これは一言で言って、科学技術社会の進行に必要な合理性と計算性に正面から反するものだ。首領制の権力は、原始社会でよく見られるような互恵的なプレゼント交換であって、経済的要求を満たすものではなく、権力の作用によって物質的需要を分配するものだ。歴史的に言って、最も長い伝統をもつ体制だ。
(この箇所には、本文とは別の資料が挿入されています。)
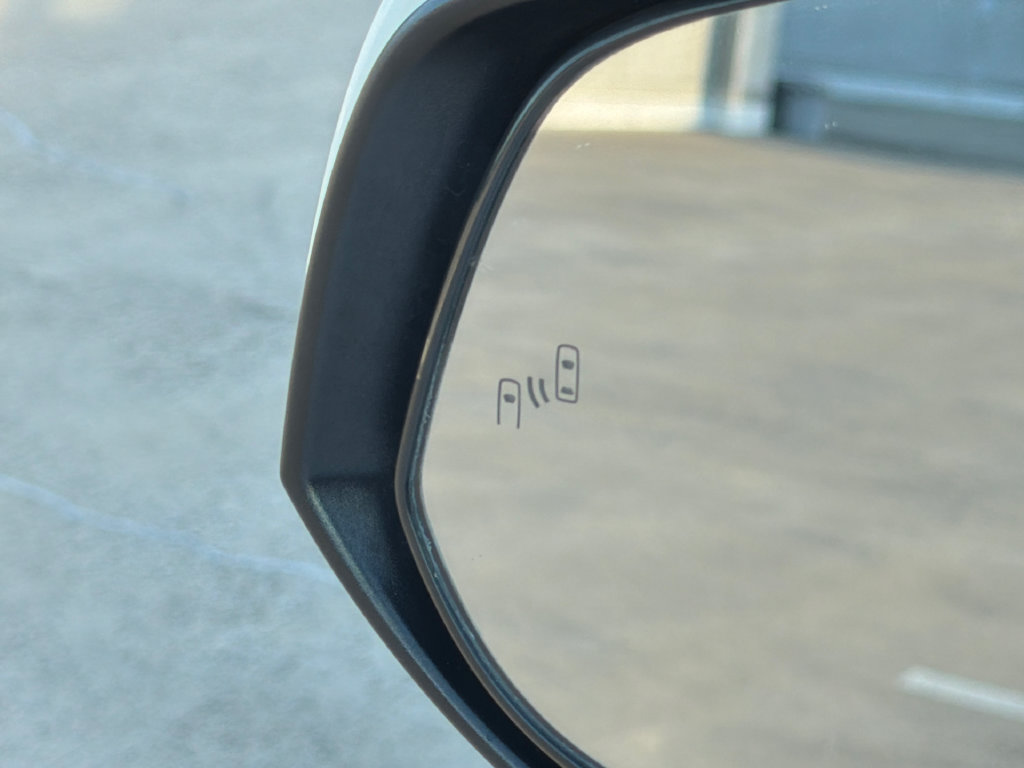 Used 2025 Toyota RAV4 XLE AWD/4WD image 18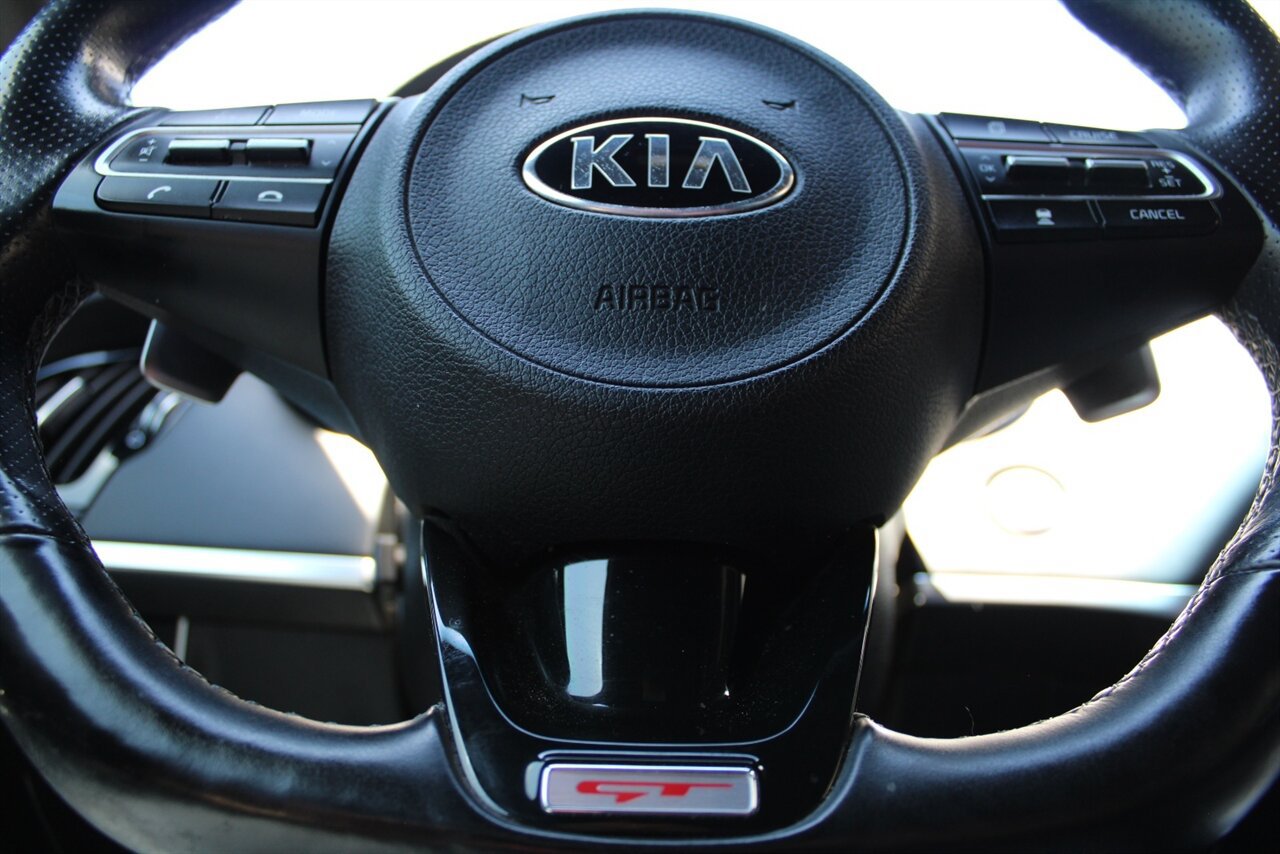 Used 2018 Kia Stinger GT2 AWD/4WD image 37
韓国ではこれは、開発時代の新重商主義的体制において、現代にその姿を登場させた。この体制は、物量的な意味において、経済発展を成し遂げればそれでいったん正当化される。さもなければ、北朝鮮(朝鮮民主主義人民共和国)が今日直面しているように、体制の危機に追い込まれるのである。韓国でそのような体制が問題を誘発するのは、内的には、初期の開発が終わって本格的に分化した経済構造において、新たな技術人材が投入されてからであり、外的には、需要と供給が価格を媒介に決定される市場経済に本格的に進入してからだ。こうして首領制的伝統が合理性や計算性と衝突を起こし、社会全般にわたってまさにルールなき社会と言える現象が起こっているのだ。

このような伝統が拡大、再生産されたのが、過去10年間の実のない歳月であったと見るなら、今後もその漆黒からはたやすく抜け出せそうにない。すでに経済においても、株価の理由のない上昇や個人融資の増幅など、合理的に理解しがたいバブル現象が感知されており、権力慣習に伴なう意識内容が消えずに残っている。

そのうえ、いまだに広義の合理的基本条件が備わっていない状況の中で見舞われている経済的難関を突破するために、一時は南北関係の改善に期待をかけたものの、今ではワールドカップにしがみついているのが現状だ。この行事を成功裡に行なったとしても、古い根の上に奇跡の実がなるとは期待しがたい。これ以上に盛大であったオリンピックを開催しても、別段の変化をもたらすことができなかった理由を、じっくり考えてみることだ。